Absinthe, Meet Tropical Slushie Cocktail
Absinthe, Meet Tropical Slushie Cocktail
Cocktails in St Augustine
Down the bar from us sat a 20-something couple. She’d ordered what looked like an adult shaved ice. Taking picture after picture, she said with a laugh, “I don’t want to drink it.”
What’d she order, I asked the bartender. A Cabana Boy. The bartender took a banana leaf and deftly looped it in a circle, placed it in the glass, and began to fill the lowball with shaved ice—just like the shaved ice we’d had at the beach the day before. It had been soaked with almost sickly sweet passionfruit and mango syrup. Sickly sweet, but delicious, just enough to cut through St.
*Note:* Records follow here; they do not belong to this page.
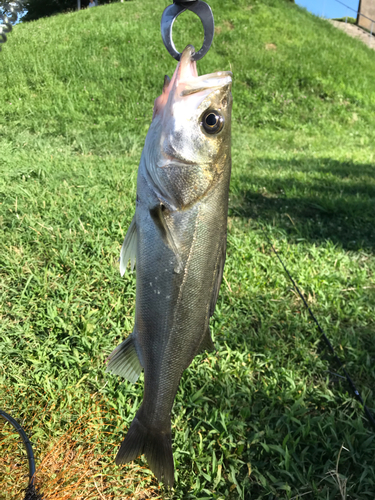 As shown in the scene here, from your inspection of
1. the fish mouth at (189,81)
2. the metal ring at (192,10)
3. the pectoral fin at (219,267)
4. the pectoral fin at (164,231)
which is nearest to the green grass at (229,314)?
the pectoral fin at (219,267)

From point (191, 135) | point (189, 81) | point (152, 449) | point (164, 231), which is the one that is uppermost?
point (189, 81)

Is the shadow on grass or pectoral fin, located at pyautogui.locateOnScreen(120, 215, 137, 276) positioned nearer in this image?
pectoral fin, located at pyautogui.locateOnScreen(120, 215, 137, 276)

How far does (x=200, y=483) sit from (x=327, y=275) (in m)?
2.49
Augustine’s midday heat. She spritzed the shaved ice with absinthe from what looked like a perfume bottle and set the drink in front of me.
I sipped my Cabana Boy and wondered if I should have passed on the second cocktail. I asked the bartender about the incoming hurricane. “People love to panic,” she said calmly. Last hurricane, a second bartender told me, he’d taken shelter at the bar; nothing would bring down the Ice Plant, a former ice factory. The plant was chilled as though the building still stored blocks of ice. I shivered, hunched on my bar stool, did the tipsy calculus, and decided to drink faster. The longer I let it sit, the more the shaved ice would melt, the more I’d have to drink, the longer I’d have to stay in the cold. Let’s get out of here, I motioned, back into the warm night.
The next morning, the pressure had changed. Pea-soup air. Hurricane Irma was coming. We ducked into Catch 27 in downtown St. Augustine for blackened snapper sandwiches and blackened snapper tacos and beers.
We left the restaurant to do one more drive through the city. The storm was coming in from the south: it was still a Category 5 and hadn’t yet torn up St. Martin’s. St. Augustine had quieted after Labor Day weekend, and in the days before Irma. Windows were boarded up, or being boarded up; I wondered if the Ice Plant’s bartenders would take refuge in the old ice factory. We admired a boat moored in the Matanzas River that runs along downtown.
A few days later, after we’d flown out, Hurricane Irma moved in. From my apartment in New York, I watched video footage from St. Augustine and scanned Instagram for evidence of the storm, and what it had done to our little paradise. The streets along the water flooded, though the water quickly receded; the remaining boats in the Matanzas River rocked hard. I couldn’t see ours, and I wondered when, or if, it had been moved. Our oasis momentarily disturbed, but still filled with stubborn Floridians.